Nothing outside the range is wanted. Repeat exactly the lines below from the one with "PET/CT demonstrating a" through the one with "Dental laser and smile".

§ **Supplied entries**
· · · · ·
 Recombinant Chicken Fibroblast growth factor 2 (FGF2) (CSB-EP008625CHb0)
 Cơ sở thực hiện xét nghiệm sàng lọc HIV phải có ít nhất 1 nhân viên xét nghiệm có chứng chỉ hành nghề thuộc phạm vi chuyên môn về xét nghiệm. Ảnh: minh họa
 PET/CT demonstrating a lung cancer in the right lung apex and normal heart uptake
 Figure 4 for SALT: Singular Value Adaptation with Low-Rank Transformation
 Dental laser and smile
· · · · ·
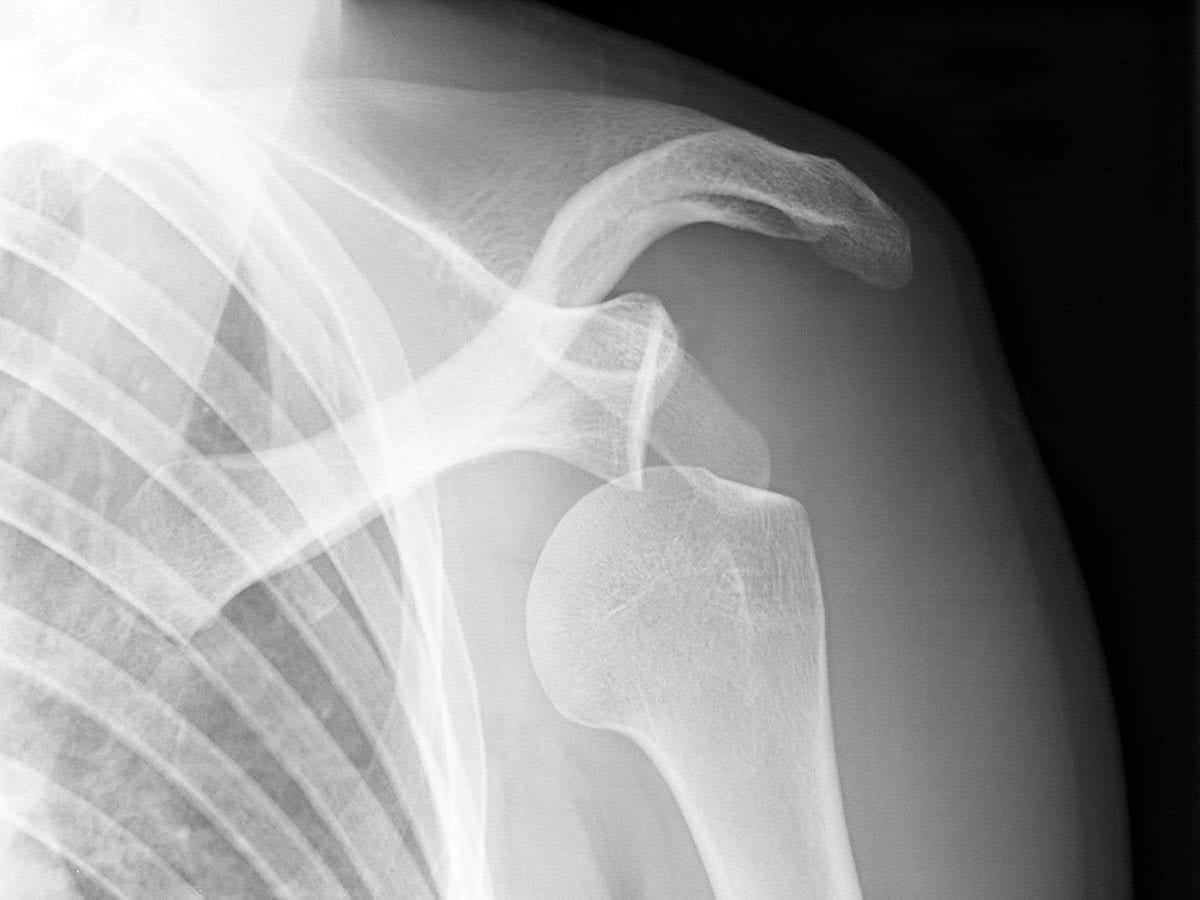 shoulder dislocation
· · · · ·
§ **Response for this exercise**
 PET/CT demonstrating a lung cancer in the right lung apex and normal heart uptake
 Figure 4 for SALT: Singular Value Adaptation with Low-Rank Transformation
 Dental laser and smile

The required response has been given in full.